Wireguard number of tunnels - scale?

TLDR: What hardware for 400 (largely idle) Wireguard tunnels?

I've been asked to set up a bunch of little MCUs each connected back to home base via a Wireguard tunnel. Normally there would be very little traffic down each tunnel other than the keepalives and ping monitoring - they would be accessed by web interface if things went wrong where they were monitoring.
Thing is, they're talking about maybe 400 of them....so my initial idea of a HAP AX2 may not be to scale!
What do I need to handle that sort of number of WG peers?

Many thanks,
Gareth

I've actually done some setups like the one you propose. Wireguard itself is pretty well behaved, and it doesn't have any problem with a large number of tunnels. Basically only traffic counts. At larger scale, the number of handshakes to perform may come into play.

An ax2 is easily capable of handling this.

For me at least, other factors were of much more concern than raw power. If there is a central device that handles this many clients/branches, then I'd like something that's highly reliable.

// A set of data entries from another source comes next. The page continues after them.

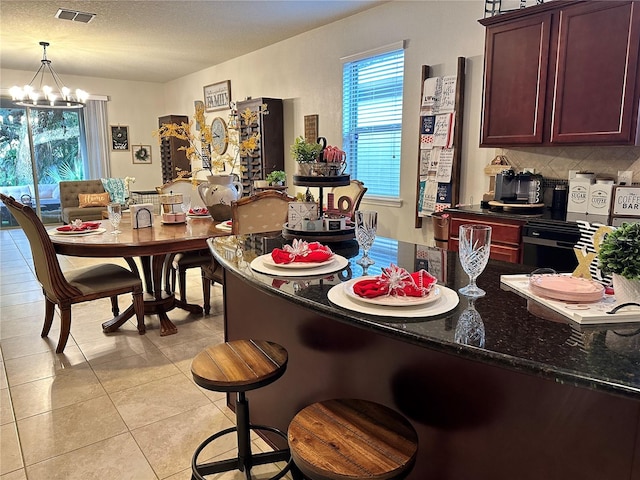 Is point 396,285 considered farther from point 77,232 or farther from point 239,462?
point 77,232

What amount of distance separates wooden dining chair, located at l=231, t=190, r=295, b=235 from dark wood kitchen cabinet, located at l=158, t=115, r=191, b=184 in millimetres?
5532

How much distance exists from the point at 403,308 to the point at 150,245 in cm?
229

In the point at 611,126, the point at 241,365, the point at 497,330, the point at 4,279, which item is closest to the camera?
the point at 497,330

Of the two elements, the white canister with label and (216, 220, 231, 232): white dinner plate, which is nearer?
the white canister with label

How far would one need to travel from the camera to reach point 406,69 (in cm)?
434

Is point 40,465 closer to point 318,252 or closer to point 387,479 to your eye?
point 318,252

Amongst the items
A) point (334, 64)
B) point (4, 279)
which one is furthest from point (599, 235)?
point (4, 279)

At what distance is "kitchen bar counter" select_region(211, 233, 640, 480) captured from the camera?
92cm

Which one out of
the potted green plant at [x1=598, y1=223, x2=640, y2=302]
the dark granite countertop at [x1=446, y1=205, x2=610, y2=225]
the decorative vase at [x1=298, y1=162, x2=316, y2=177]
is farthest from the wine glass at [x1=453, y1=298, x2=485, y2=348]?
the dark granite countertop at [x1=446, y1=205, x2=610, y2=225]

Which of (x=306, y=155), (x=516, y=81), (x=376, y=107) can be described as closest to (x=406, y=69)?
(x=376, y=107)

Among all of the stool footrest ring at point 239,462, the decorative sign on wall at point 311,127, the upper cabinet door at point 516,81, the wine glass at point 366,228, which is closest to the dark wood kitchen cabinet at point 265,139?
the decorative sign on wall at point 311,127

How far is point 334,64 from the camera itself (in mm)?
5148

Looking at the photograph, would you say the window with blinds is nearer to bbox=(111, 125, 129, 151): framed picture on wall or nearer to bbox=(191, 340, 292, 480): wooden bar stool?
bbox=(191, 340, 292, 480): wooden bar stool

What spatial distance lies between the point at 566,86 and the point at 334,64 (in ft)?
9.12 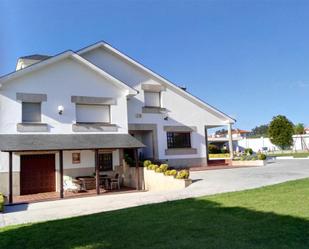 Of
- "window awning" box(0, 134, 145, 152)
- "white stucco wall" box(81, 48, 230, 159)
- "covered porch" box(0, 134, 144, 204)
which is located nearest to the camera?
"window awning" box(0, 134, 145, 152)

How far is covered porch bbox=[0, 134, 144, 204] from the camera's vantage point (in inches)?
675

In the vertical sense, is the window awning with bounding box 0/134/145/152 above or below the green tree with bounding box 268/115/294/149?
below

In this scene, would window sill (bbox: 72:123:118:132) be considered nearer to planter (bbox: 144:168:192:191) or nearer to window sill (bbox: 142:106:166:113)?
planter (bbox: 144:168:192:191)

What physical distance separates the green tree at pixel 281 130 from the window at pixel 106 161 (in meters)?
31.0

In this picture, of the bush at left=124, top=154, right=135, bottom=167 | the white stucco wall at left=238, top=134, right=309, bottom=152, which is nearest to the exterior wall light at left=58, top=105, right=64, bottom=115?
the bush at left=124, top=154, right=135, bottom=167

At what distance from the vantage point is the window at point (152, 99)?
24516 mm

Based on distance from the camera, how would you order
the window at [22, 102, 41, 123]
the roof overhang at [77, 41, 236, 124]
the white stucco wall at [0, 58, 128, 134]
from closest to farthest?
the white stucco wall at [0, 58, 128, 134]
the window at [22, 102, 41, 123]
the roof overhang at [77, 41, 236, 124]

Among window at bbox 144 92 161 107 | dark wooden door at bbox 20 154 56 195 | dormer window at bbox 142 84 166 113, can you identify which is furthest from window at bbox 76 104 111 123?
window at bbox 144 92 161 107

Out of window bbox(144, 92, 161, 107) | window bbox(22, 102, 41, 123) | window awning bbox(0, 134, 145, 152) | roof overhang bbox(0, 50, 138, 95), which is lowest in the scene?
window awning bbox(0, 134, 145, 152)

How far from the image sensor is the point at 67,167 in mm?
19625

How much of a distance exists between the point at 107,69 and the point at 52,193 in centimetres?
962

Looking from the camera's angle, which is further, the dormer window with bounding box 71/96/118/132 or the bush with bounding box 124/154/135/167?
the bush with bounding box 124/154/135/167

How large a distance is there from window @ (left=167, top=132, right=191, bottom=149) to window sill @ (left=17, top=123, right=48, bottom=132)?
968cm

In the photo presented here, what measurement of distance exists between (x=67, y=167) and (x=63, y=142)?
2.60m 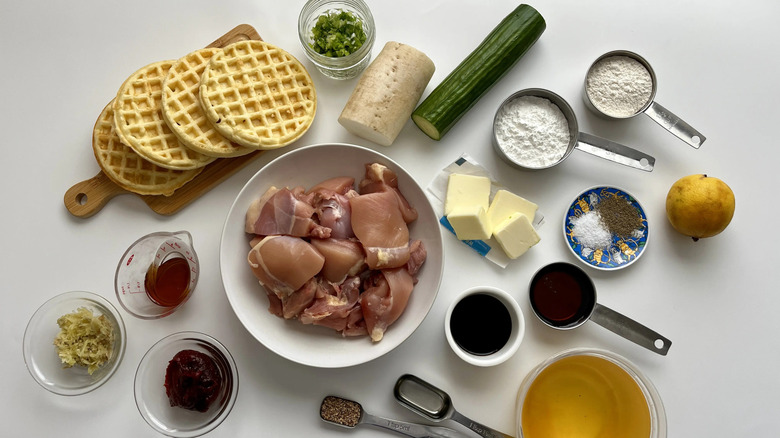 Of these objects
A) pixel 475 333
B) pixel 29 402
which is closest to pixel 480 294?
pixel 475 333

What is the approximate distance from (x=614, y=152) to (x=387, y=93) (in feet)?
3.79

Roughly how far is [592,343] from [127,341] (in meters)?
2.31

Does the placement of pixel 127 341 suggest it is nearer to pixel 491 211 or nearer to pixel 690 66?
pixel 491 211

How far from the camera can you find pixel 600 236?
2.48 metres

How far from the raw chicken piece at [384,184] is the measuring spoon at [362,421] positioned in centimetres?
93

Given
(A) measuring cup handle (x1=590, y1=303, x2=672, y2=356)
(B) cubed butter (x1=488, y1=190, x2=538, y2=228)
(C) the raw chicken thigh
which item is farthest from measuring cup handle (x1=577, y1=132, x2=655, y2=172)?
(C) the raw chicken thigh

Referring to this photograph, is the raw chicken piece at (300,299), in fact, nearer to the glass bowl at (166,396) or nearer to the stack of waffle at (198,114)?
the glass bowl at (166,396)

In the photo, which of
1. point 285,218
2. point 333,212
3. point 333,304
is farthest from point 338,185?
point 333,304

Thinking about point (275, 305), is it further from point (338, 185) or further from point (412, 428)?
point (412, 428)

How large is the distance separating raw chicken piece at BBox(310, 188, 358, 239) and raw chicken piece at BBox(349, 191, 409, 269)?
0.06 m

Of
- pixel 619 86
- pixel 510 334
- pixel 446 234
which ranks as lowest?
pixel 510 334

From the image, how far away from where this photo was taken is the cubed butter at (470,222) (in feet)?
7.62

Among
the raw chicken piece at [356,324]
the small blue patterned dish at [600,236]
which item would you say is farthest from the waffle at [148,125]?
the small blue patterned dish at [600,236]

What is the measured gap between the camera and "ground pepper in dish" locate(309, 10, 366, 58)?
2.43 m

Even if a hardware device is chosen, due to how the device is built, the ax2 doesn't necessarily win. An rb5009 might be a better choice. With a better power supply and a backup battery.

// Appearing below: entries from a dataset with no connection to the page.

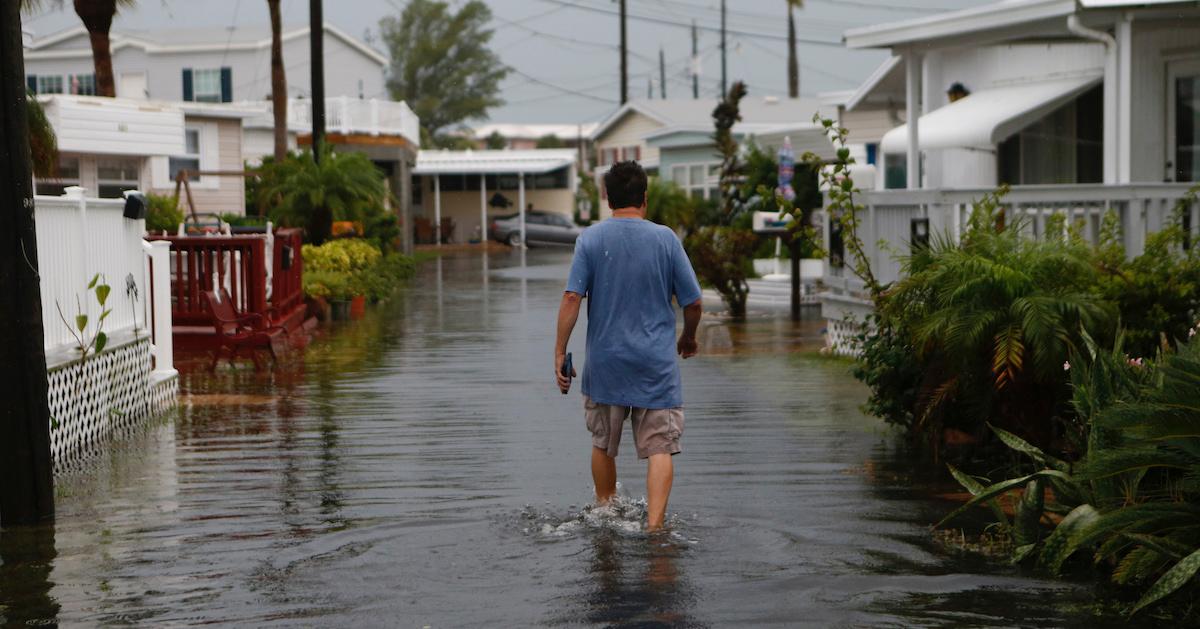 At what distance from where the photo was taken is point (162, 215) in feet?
97.3

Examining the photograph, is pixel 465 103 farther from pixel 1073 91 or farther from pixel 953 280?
pixel 953 280

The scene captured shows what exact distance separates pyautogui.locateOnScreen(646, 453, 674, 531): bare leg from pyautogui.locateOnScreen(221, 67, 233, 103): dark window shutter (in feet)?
149

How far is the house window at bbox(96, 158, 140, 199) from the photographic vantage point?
36.0 meters

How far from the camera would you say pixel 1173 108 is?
53.7ft

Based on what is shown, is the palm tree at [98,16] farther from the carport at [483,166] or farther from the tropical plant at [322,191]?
the carport at [483,166]

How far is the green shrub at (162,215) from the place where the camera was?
28750mm

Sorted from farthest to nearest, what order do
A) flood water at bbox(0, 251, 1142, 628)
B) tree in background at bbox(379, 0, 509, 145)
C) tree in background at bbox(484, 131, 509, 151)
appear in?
tree in background at bbox(484, 131, 509, 151), tree in background at bbox(379, 0, 509, 145), flood water at bbox(0, 251, 1142, 628)

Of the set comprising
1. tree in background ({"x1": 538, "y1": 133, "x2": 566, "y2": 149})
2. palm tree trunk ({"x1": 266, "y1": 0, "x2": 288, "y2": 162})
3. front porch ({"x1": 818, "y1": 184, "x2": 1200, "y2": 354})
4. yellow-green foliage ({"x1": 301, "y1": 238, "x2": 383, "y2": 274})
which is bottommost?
yellow-green foliage ({"x1": 301, "y1": 238, "x2": 383, "y2": 274})

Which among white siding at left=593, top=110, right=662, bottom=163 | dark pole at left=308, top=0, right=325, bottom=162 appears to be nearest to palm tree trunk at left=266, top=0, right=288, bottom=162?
dark pole at left=308, top=0, right=325, bottom=162

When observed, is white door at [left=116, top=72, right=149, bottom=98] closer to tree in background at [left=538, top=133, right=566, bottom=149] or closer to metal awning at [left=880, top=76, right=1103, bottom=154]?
metal awning at [left=880, top=76, right=1103, bottom=154]

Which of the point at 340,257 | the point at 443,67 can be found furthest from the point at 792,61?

Another concern is the overall management (automated if possible) and having appropriate backups in case of failure. In some scenarios a hardware device is clearly preferred, but when one has so many devices, there's often already a solution for virtualizing appliances in place. I really don't know anything about your situation, but using a Linux VM as the concentrator solves quite a few issues.

1 Like

Cheers Lurker, that's much better news than I was expecting to be honest! :smiley: There's a lot of possibilities, an RB5009 could replace their existing router, could go CHR as a VM on their new Windows server or WG on a Linux VM. Time is short (aren't these things always in a rush?!) so I was thinking simply what was tested and familiar - still working on PCB design (remote operated relays) currently!
Automated bulk deployment definitely going to be more than a nice-to-have!
MCUs can only do a single WG tunnel (power draw, thermals and cost all a consideration) so I was thinking DR failover by pointing DNS to another host.

In that case, an ax2 is completely fine. Although whatever device you decide on, I would insist on a dedicated device to act as the Wireguard concentrator. If for nothing else than for ease of management, updating the software only when you decide, etc.

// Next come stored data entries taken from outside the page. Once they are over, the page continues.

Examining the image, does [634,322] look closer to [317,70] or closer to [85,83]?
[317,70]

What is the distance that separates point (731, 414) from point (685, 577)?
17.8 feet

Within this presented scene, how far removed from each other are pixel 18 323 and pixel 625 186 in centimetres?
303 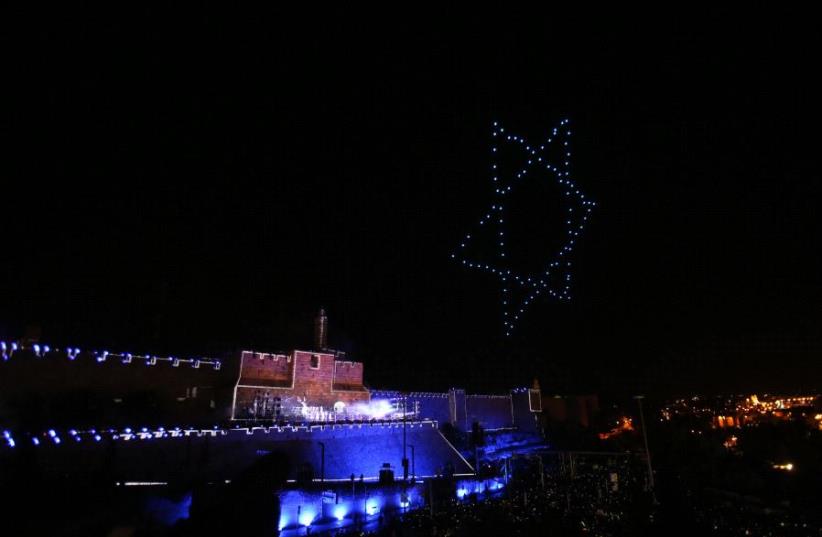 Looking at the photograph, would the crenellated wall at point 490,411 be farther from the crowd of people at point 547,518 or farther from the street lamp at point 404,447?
the crowd of people at point 547,518

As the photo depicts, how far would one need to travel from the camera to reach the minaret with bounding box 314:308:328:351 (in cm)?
2608

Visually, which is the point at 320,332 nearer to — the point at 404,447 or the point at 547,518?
the point at 404,447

If failover (connecting to another server when the primary fails) on the device side is an option, it's definitely worth implementing. However, I would suggest failover on the server side, either via failing the IP over, or with DNS.

Managing Linux automatically is much nicer than doing the same on Mikrotik. I mean things like adding the wireguard peers based on some sort of standard database and things like that.

Actually, Hyper-V has some really nice high availability features, so I'd look into HA virtualizing a Linux on Hyper-V... Even a non-HA VM has many better features than pure HW, so if it's not a requirement, for the longer term, I'd skip that.

EDIT: There's also something else to pay attention to. Wireguard has a not so widely known requirement to include a pseudo-timestamp in handshake requests. This is a number (usually derived from the system time) that has to monotonically increase for each subsequent handshake. This is done to prevent replay attacks. For hardware devices that might be restarted at any moment, this is something that has to be considered at design time.

1 Like

Failover on the device side isn't an option as it can only have one peer defined and one endpoint address (I just checked that in case it could round-robin) but setting the endpoint as a DNS address and just re-pointing that if there's going to be extended outage is definitely plausible - just need a 2nd site to point to for DR if that's in budget.

Timestamp: that would explain WG component's requirement for SNTP then. No RTC on the device

HA: it's essentially a remote reboot system....a get-out-of-jail-free card. Any time a remote reboot fixes the problem, it's a site-visit saved. So there's going to be a trade-off between theoretical uptime and cost.....but not my trade-off to make. I'm at least trying to make things cheap enough that failover/DR is plausible though :smiley: MCUs are ÂŁ9 a piece (single piece price), already with case, button, RGB LED - just flash and drop on PCB pins.

Well, if it's not an online control situation, but more of an opportunistic thing, I wouldn't focus on HA too much, and a hardware device makes a lot more sense. I'd still go for a having a device dedicated to this function.

Using DNS for the endpoint is simply good practice to avoid endpoint reconfigurations.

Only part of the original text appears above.